La presse régionale, antifa catégorie débutants
Car oui, Yann Barthès interviewe Léa Salamé, "meilleure intervieweuse de France". Le prix lui a été décerné par un jury regroupant d'autres meilleurs intervieweurs audiovisuels de France (Bourdin, Lapix, Aphatie, etc). Voici quelques mois, c'est Salamé qui interviewait Barthès sur France Inter. Aujourd'hui, donc, Barthès interviewe Salamé. La concorde règne, entre intervieweurs. Quoi de plus agréable que d'interviewer un camarade intervieweur ? On est entre gens du métier. On se file des trucs ("je travaille beaucoup ma première question", révèle Salamé). On pourrait les laisser entre eux, au fond, ils se suffiraient. Ils vivraient heureux.
Bref. "Pourriez-vous appeler à voter contre Marine Le Pen ?" Sous-entendu : comme La Voix du Nord.
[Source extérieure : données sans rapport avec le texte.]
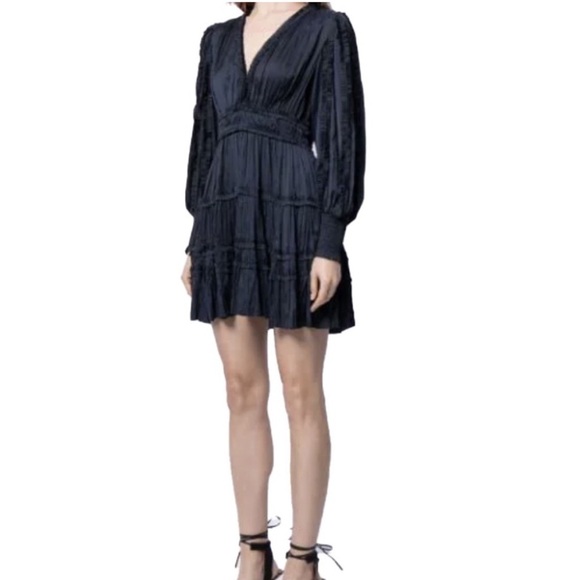ULLA JOHNSON Gemma Satin Like Mini Dress V Neck Bishop Sleeve Midnight Blue - Picture 10 of 14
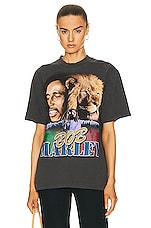 SIXTHREESEVEN Bob Marley Tour T-Shirt in Washed Black, view 1, click to view large image.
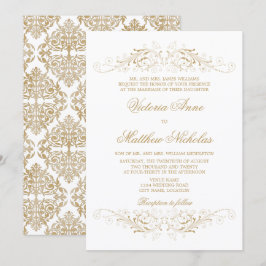 Elegant Guld, blommande och torsk Inbjudningar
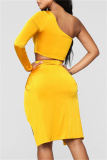 Yellow Sexy Solid Patchwork Backless Slit Oblique Collar Long Sleeve Two Pieces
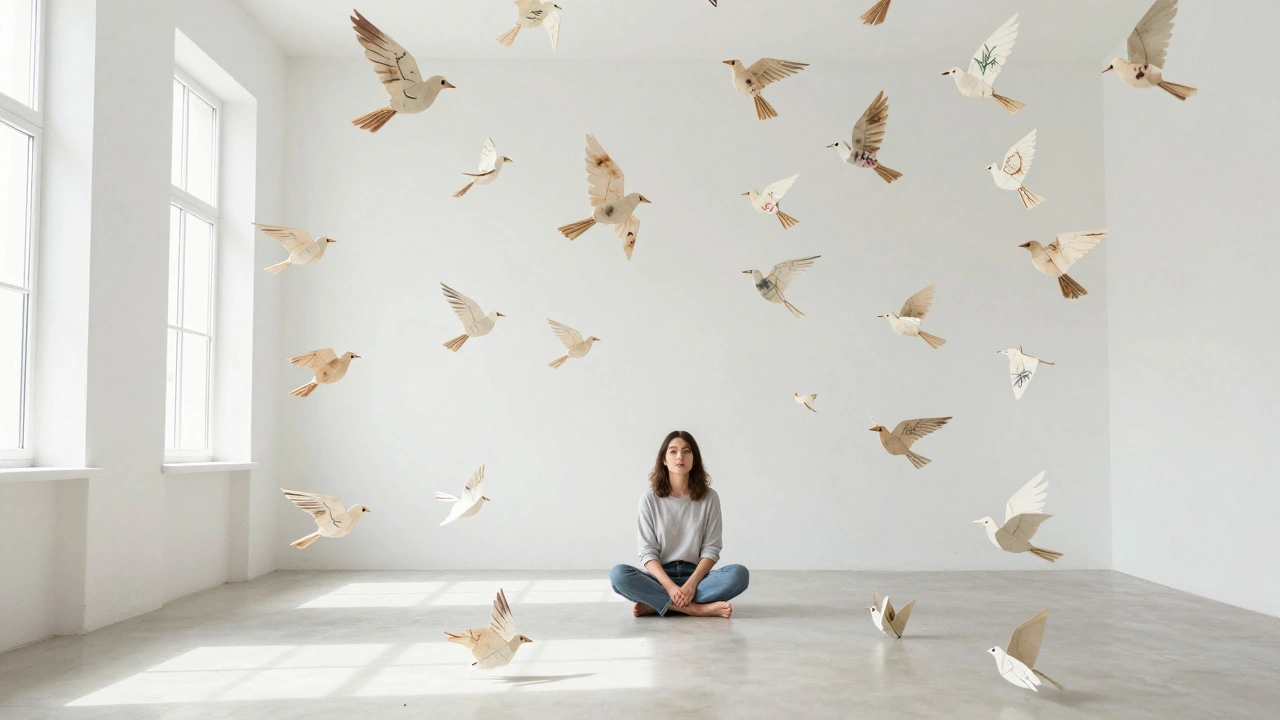 Hundreds of paper birds float in a bare white room as a woman sits quietly in the center.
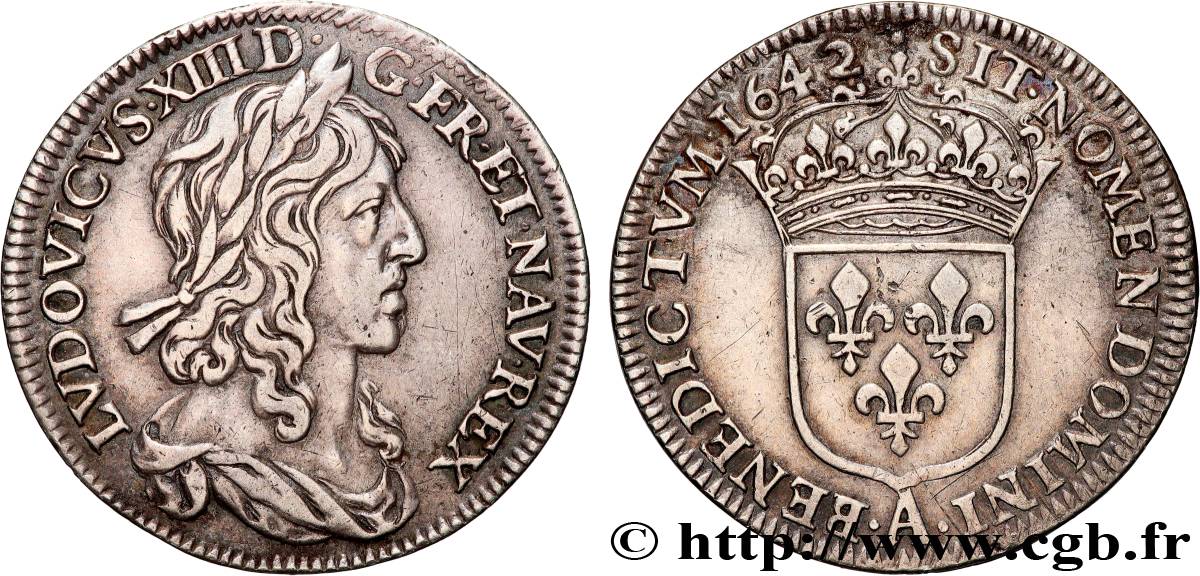 LOUIS XIII LE JUSTE Quart d écu, buste drapé (1er buste de Jean Warin) 1642 Paris, Monnaie du Louvre TTB
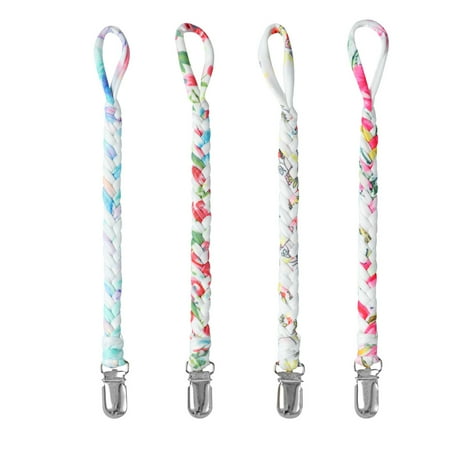 Puloru Baby Braided Pacifier Chain, Infant Chew Toys Holder with Clip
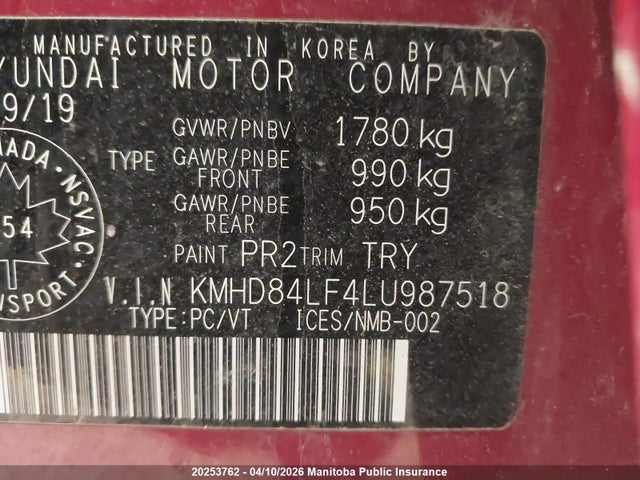 KMHD84LF4LU987518 Hyundai Elantra Ultimate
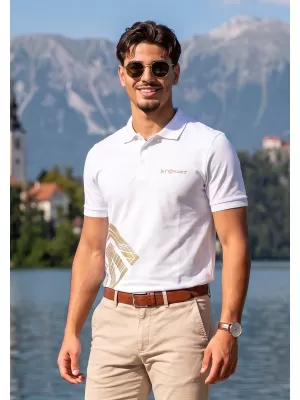Moška majica s kratkimi rokavi z ovratnikom ALTISPORT ALM013203 BELA
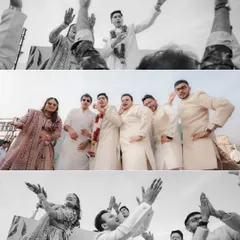 A collage of high-energy, candid moments from the Varmala, featuring the groom's friends lifting him up and guests cheering wildly.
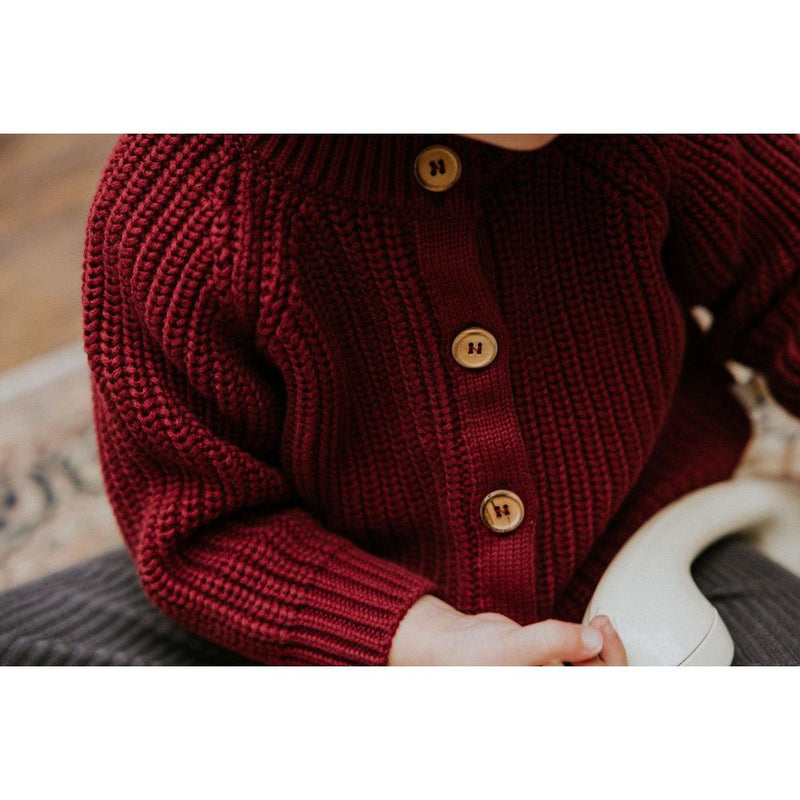 Yuki Baby Raglan Cardigan Plum - Studio Play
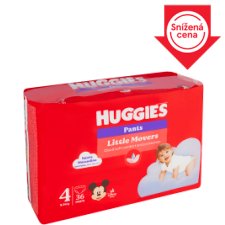 Huggies Little Movers plenkové kalhotky velikost 4 pro děti 9-14kg 36 ks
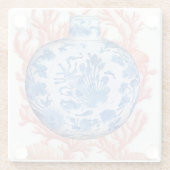 Aquarell Chinoiserie Ginger Jar und Coral Glasuntersetzer (Rückseite)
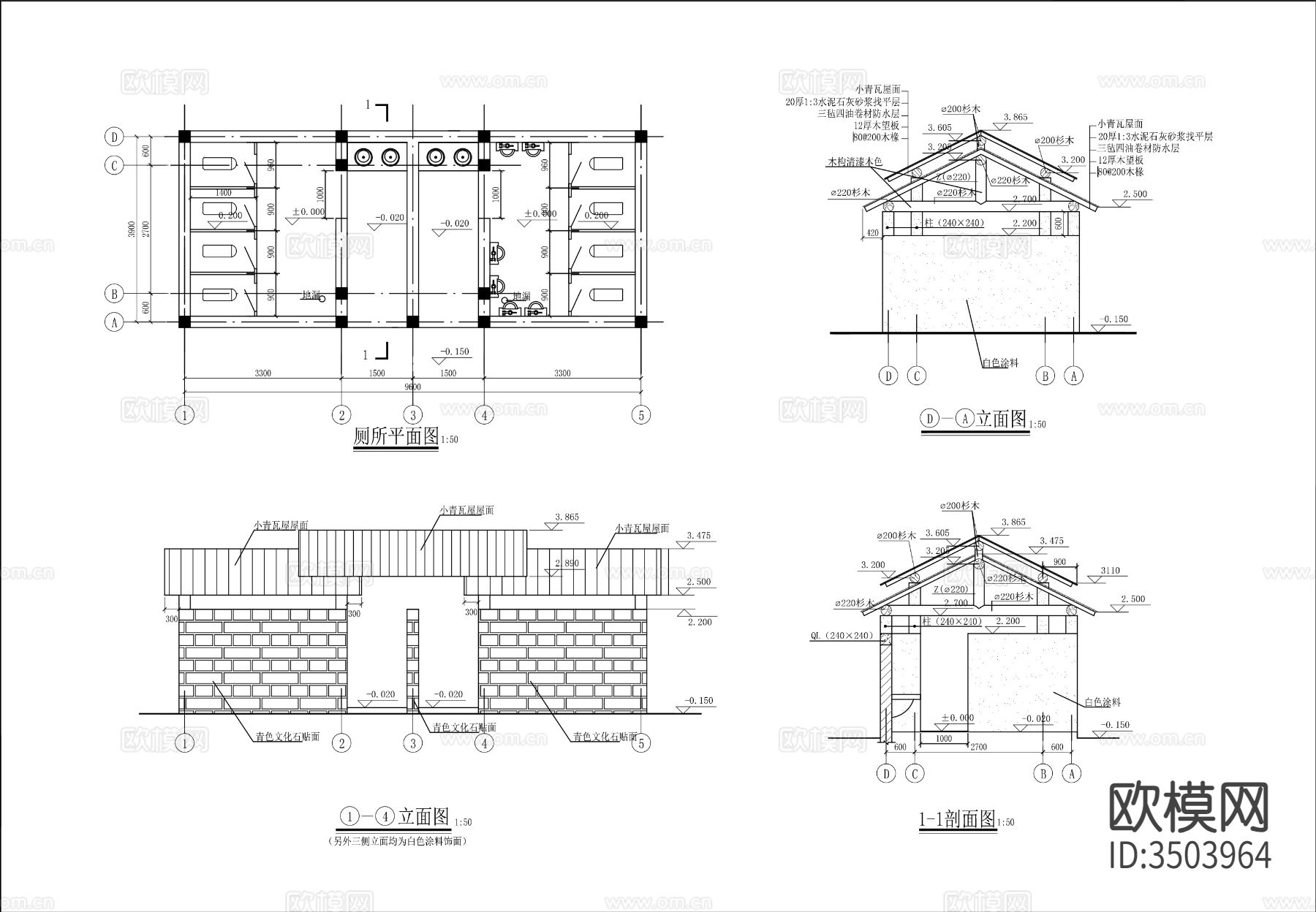公共厕所，卫生间建筑cad施工图下载（渲染图1）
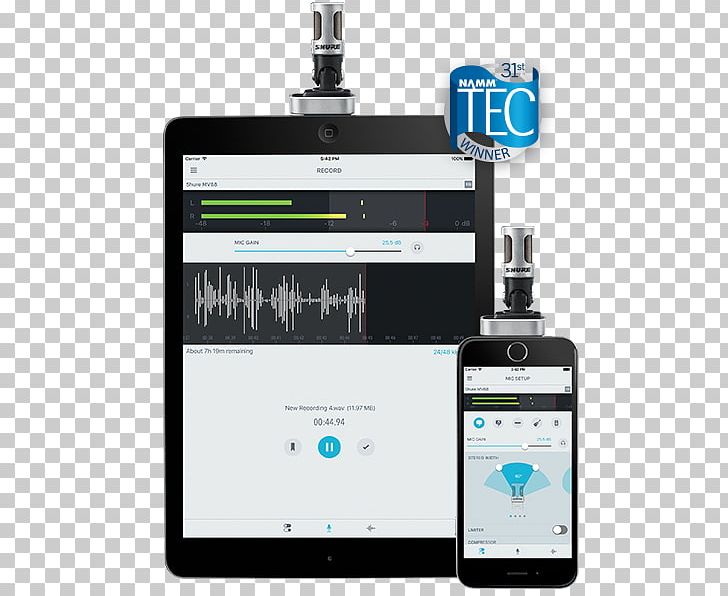 Microphone Shure MV88 Digital Audio Shure MVL PNG, Clipart, Brand, Digital Audio, Electronics, Electronics Accessory, Iphone Free PNG Download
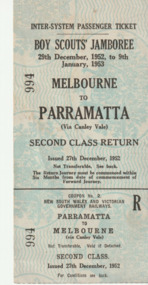 Ephemera - A railway ticket Melbourne to Parramatta and return, 27 Dec1952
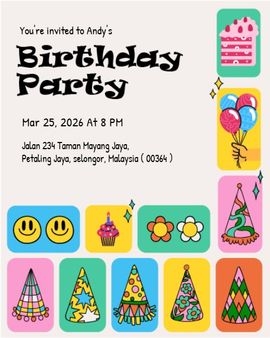 Colorful Shapes invitation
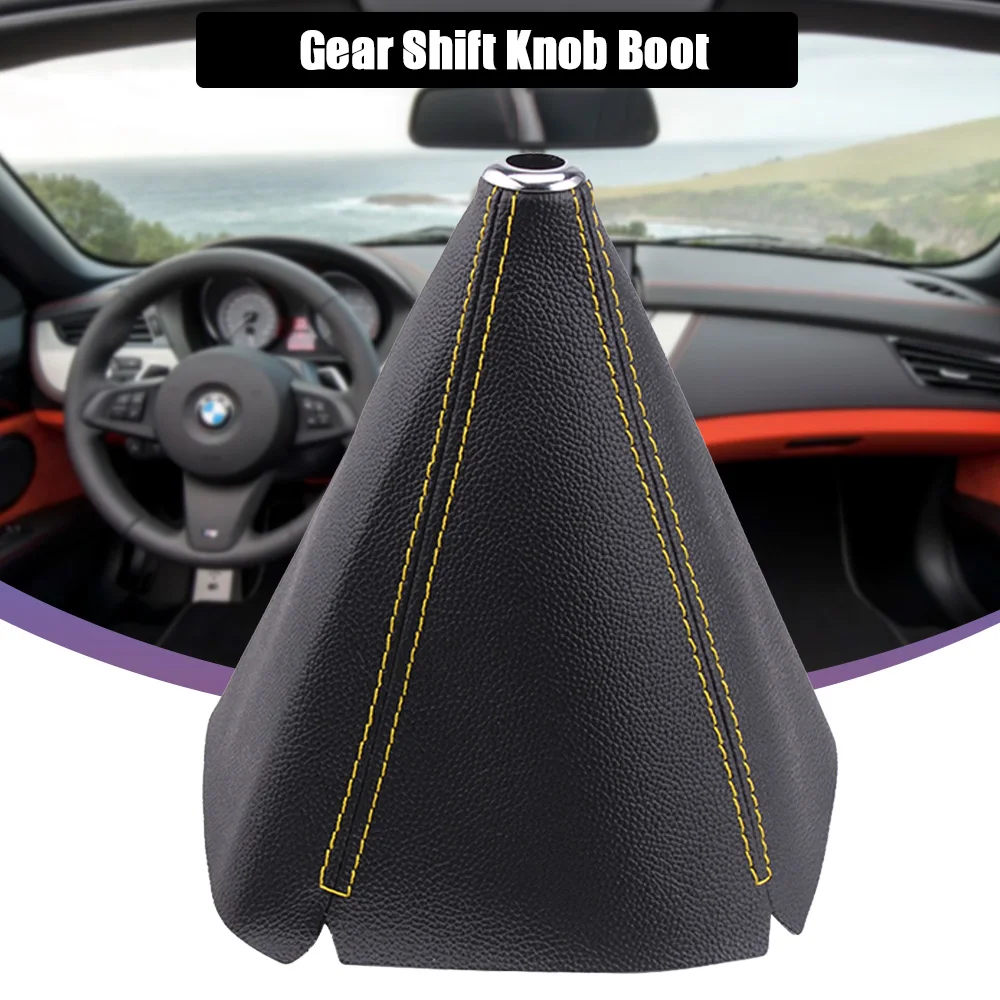 Gear Shift Knob and Car Shift Knob Cover Black Leather Keenso Car Gear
Car en quelques jours, La Voix du Nord est devenue la référence du courage journalistique en France, pour avoir appelé à la Une à voter contre Marine Le Pen. Chapeau bas dans la confrérie : quel courage ! Qu'importe si l'on redécouvre à l'occasion les petits arrangements entre La Voix du Nord et le Conseil Régional socialiste sortant, comme cette irritante subvention annuelle d'un million et demi accordée au groupe. Ah non pardon, pas au journal, à une télé locale détenue par le groupe qui détient le journal. Ah non, re-pardon, détenue "seulement" à 34%, ce qui n'a évidemment rien à voir. Qu'importe si l'on re-découvre aussi la pratique de l'interview de complaisance du président PS de la Région, Daniel Percheron. Barthès et Salamé ne vont pas s'arrêter à ces détails.
Magnifique, ce sursaut anti-Le Pen unanime de la presse régionale, à trois jours du vote. Ce matin, c'est Le Courrier Picard (appartenant au même groupe que La Voix du Nord) qui entre en résistance, spontanément bien entendu. Certes, ça grippe un peu. On sent qu'ils n'ont pas l'habitude. En lutte antifa, ils ne sont qu'en première année. Sur les programmes économiques, par exemple, Le Courrier Picard ne sait pas trop par quel bout prendre le bidule, rappelant sur la même page que le FN est "d'abord et avant tout un parti d'orientation libérale, (...) rien que le Medef puisse renier", avant, quelques paragraphes plus bas, de citer le président local de la CGPME : "l'arrivée du FN au pouvoir dans la région serait catastrophique. Je connais même des entrepreneurs prêts à faire leurs valises". Prolétaires picards, gardez-vous bien de voter pour ces odieux libéraux FN qui épouvantent tant le MEDEF. On espère que l'électeur picard, habitué à décrypter son Courrier, y comprendra quelque chose.
On pourrait en rire, c'est à peu près la seule consolation qui reste aujourd'hui. Mais c'est un rire amer. Cette schizophrénie paralysante de l'offensive anti-FN, la presse de gauche s'y heurte depuis des années. Diaboliser ou banaliser ? Prédire que les marinistes mettront les régions à feu et à sang, ou bien qu'ils se couleront dans les codes ? Pourquoi pas, tant qu'à faire, les deux à la fois. Depuis trente ans, le FN s'engraisse des offensives du "Système" contre lui. Des générations de journalistes s'y sont cassé les dents, s'épuisant en philippiques vaines qui ne faisaient que grossir la boule de neige. Si sincère que soit peut-être son réveil tardif, le groupe Voix du Nord le découvre aujourd'hui. Bienvenue au club.